#### [Description of the task]
In your answer, set down the records below exactly as they stand, omitting pictures.

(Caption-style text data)
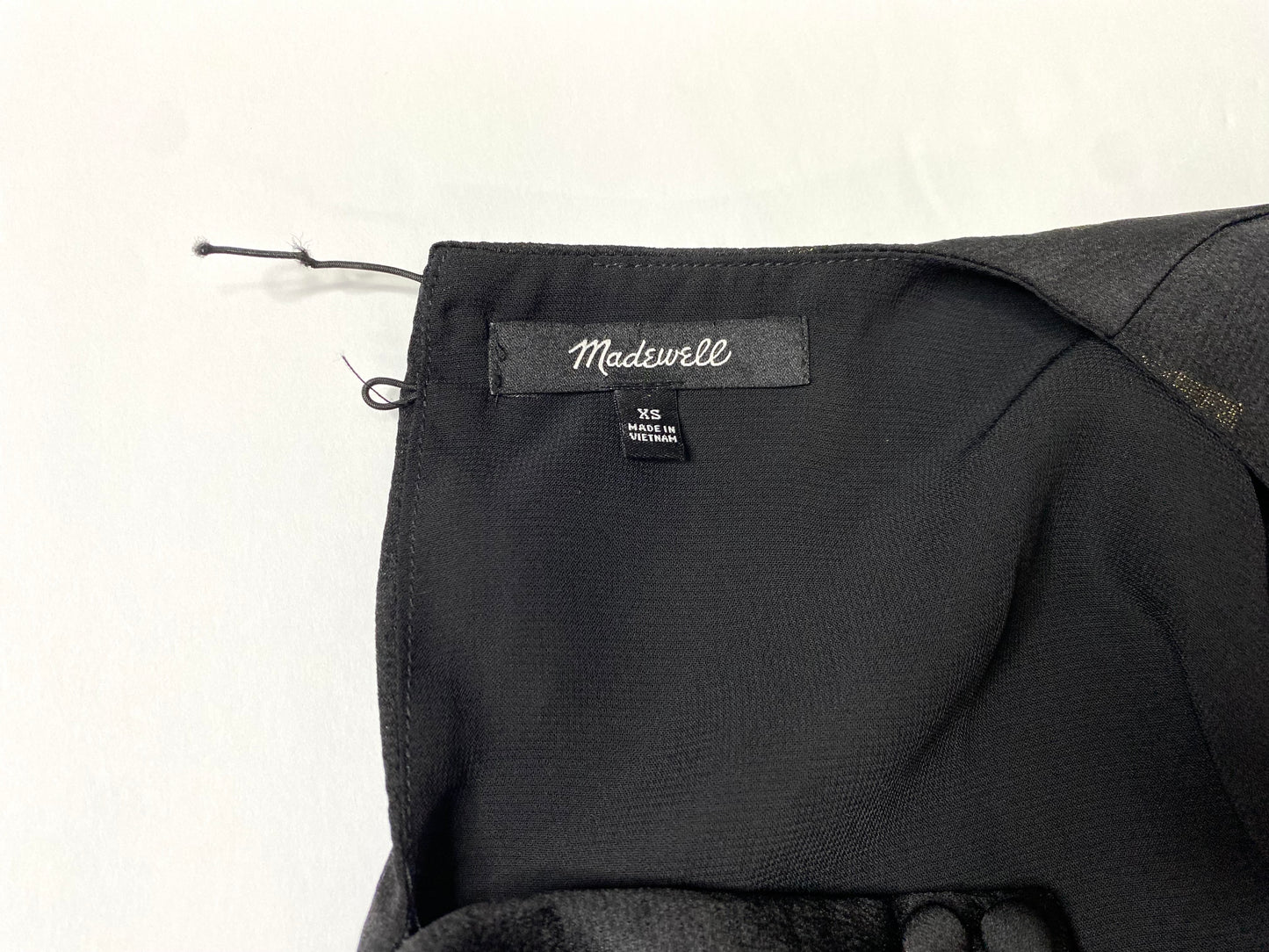 Madewell Ballon Shoulder Blouse Black & Gold Size XS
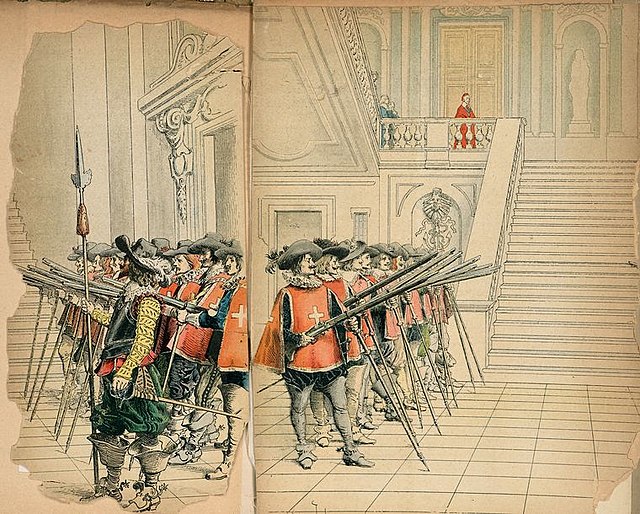 Depiction of the Cardinal's musketeers, the great rivals of the King's musketeers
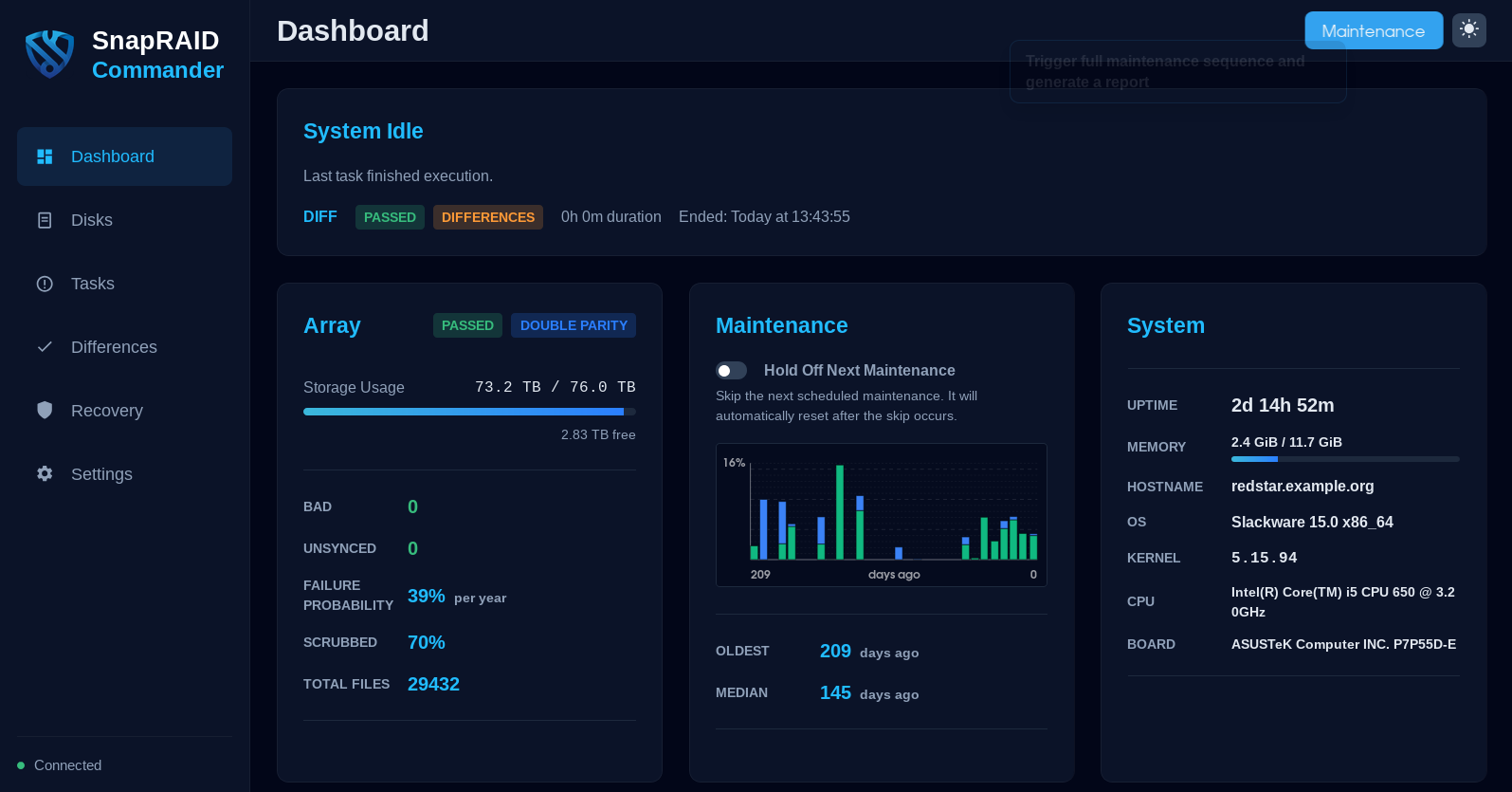 SnapRAID Daemon Dashboard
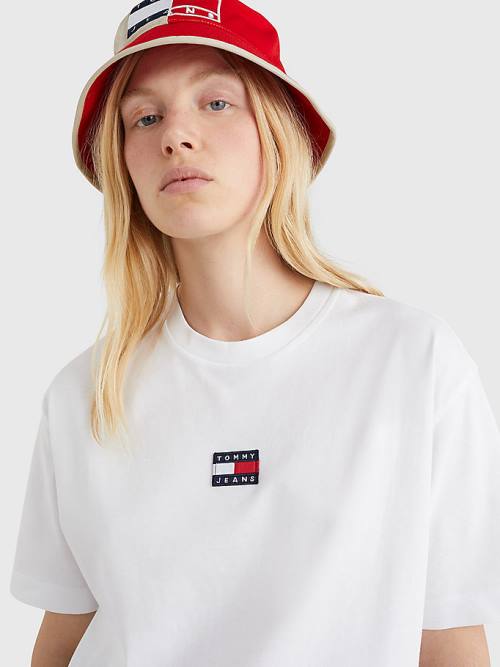 Tommy Hilfiger Badge Oversized Fit T-shirts Dames Wit | TH045RFL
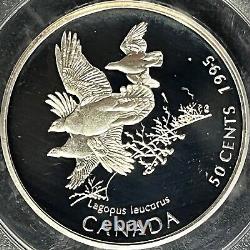 CANADA. 1995, 50 Cents, Silver PCGS PR69 Top Pop? White-Tailed Ptarmigans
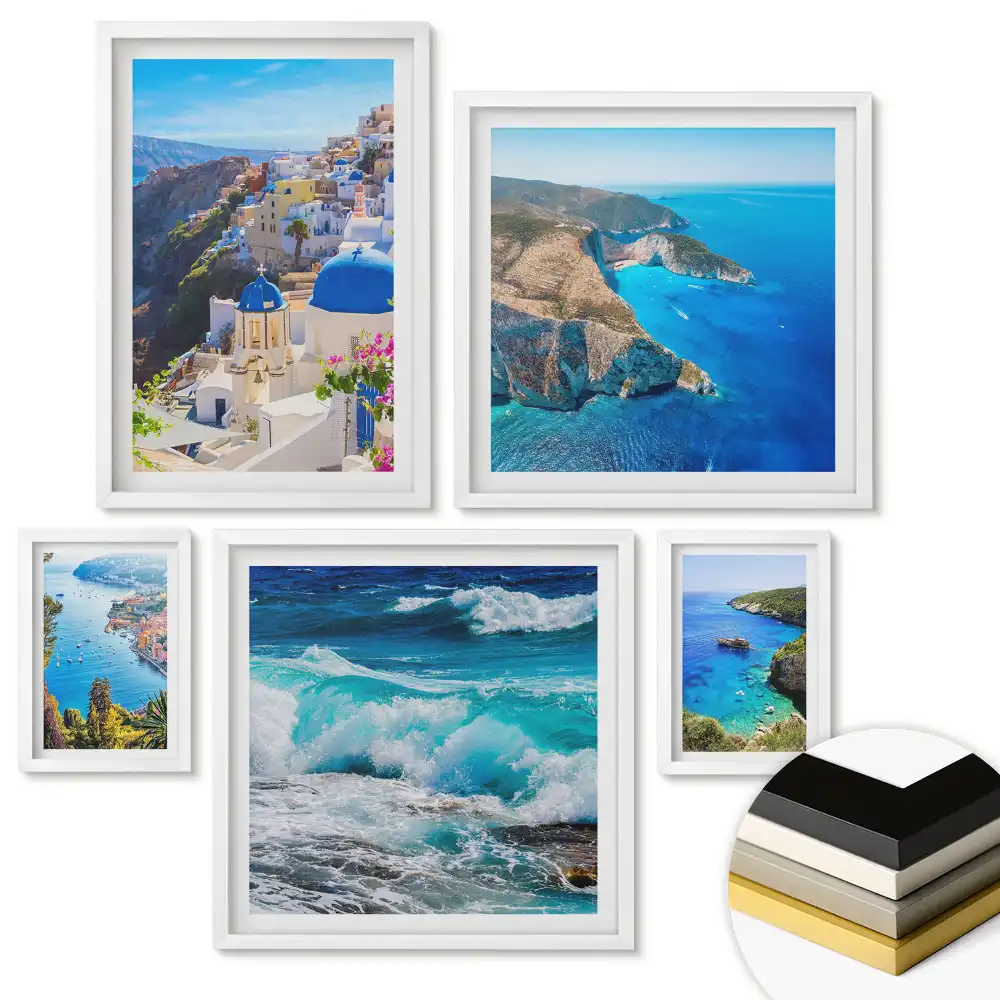 Set de 5 tablouri înrămate cu peisaje pitorești de coastă din Grecia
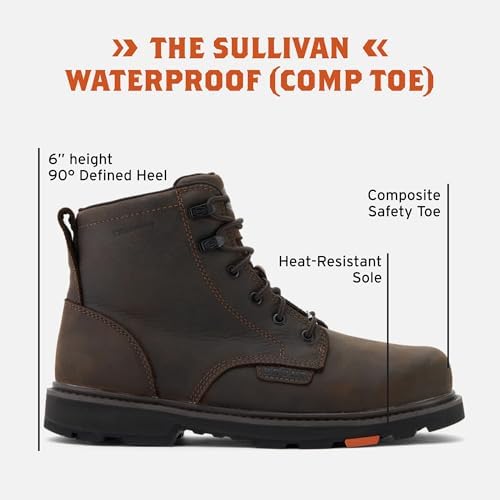 BRUNT Sullivan (Comp Toe) - 6" Waterproof Composite Toe Work Boot - EH Rated - Slip + Oil Resistant - Heat-Resistant Sole - 90-Degree Heel - Adjustable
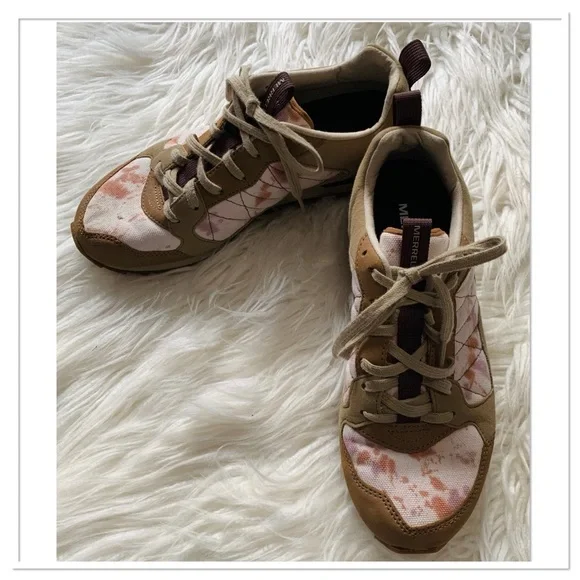 Merrell Alpine Sneaker Lightweight Suede Leather Pink Tan Size 9 - Picture 2 of 16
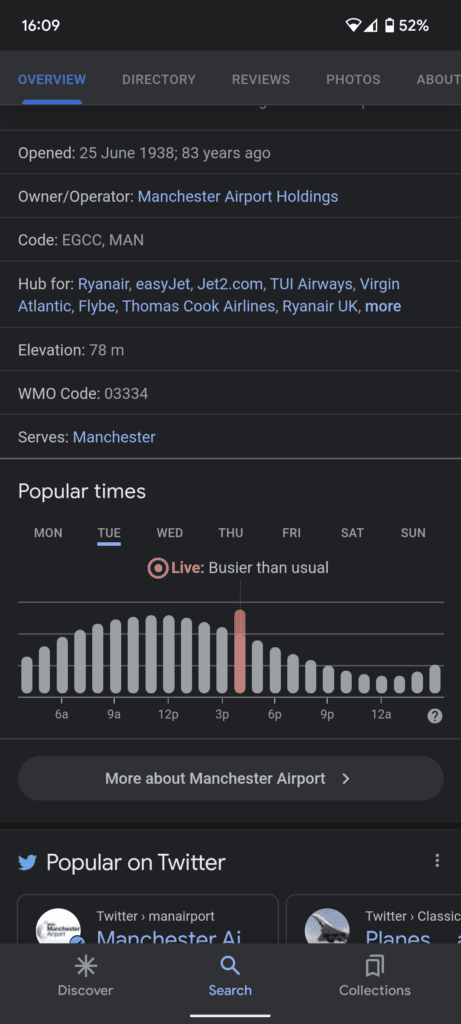 Manchester Airport Busy Times Live Data1 - Manchester Airport Busy Times: Trying to predict if there are big queues today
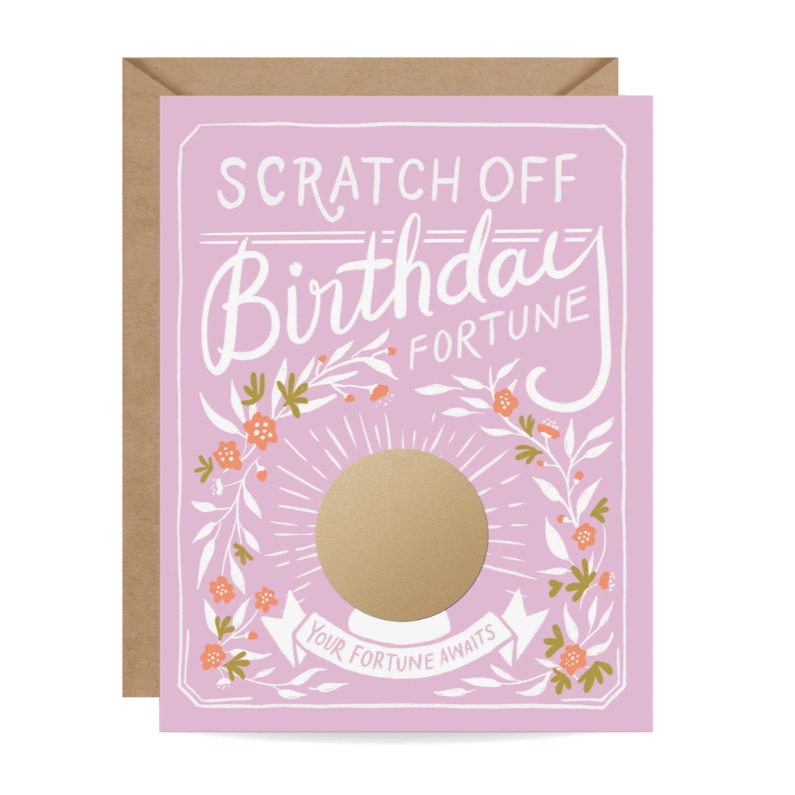 Scratch-Off Fortune Floral Birthday Card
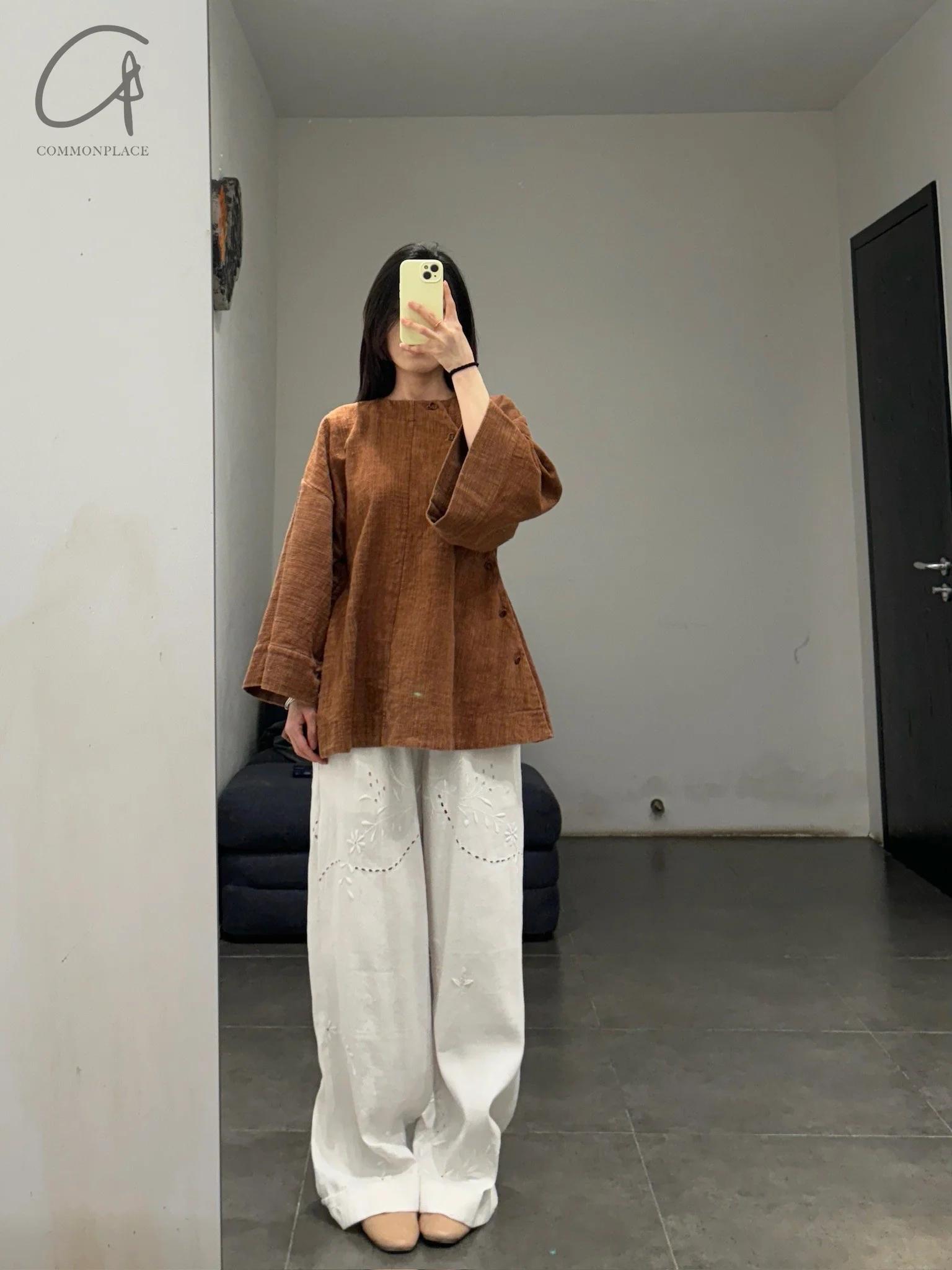 By Walid SYD trousers, antique fabric, handmade in England, BW-130206W-TR, natural - Image 22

#### [Response to this task]
 Madewell Ballon Shoulder Blouse Black & Gold Size XS
 Depiction of the Cardinal's musketeers, the great rivals of the King's musketeers
 SnapRAID Daemon Dashboard
 Tommy Hilfiger Badge Oversized Fit T-shirts Dames Wit | TH045RFL
 CANADA. 1995, 50 Cents, Silver PCGS PR69 Top Pop? White-Tailed Ptarmigans
 Set de 5 tablouri înrămate cu peisaje pitorești de coastă din Grecia
 BRUNT Sullivan (Comp Toe) - 6" Waterproof Composite Toe Work Boot - EH Rated - Slip + Oil Resistant - Heat-Resistant Sole - 90-Degree Heel - Adjustable
 Merrell Alpine Sneaker Lightweight Suede Leather Pink Tan Size 9 - Picture 2 of 16
 Manchester Airport Busy Times Live Data1 - Manchester Airport Busy Times: Trying to predict if there are big queues today
 Scratch-Off Fortune Floral Birthday Card
 By Walid SYD trousers, antique fabric, handmade in England, BW-130206W-TR, natural - Image 22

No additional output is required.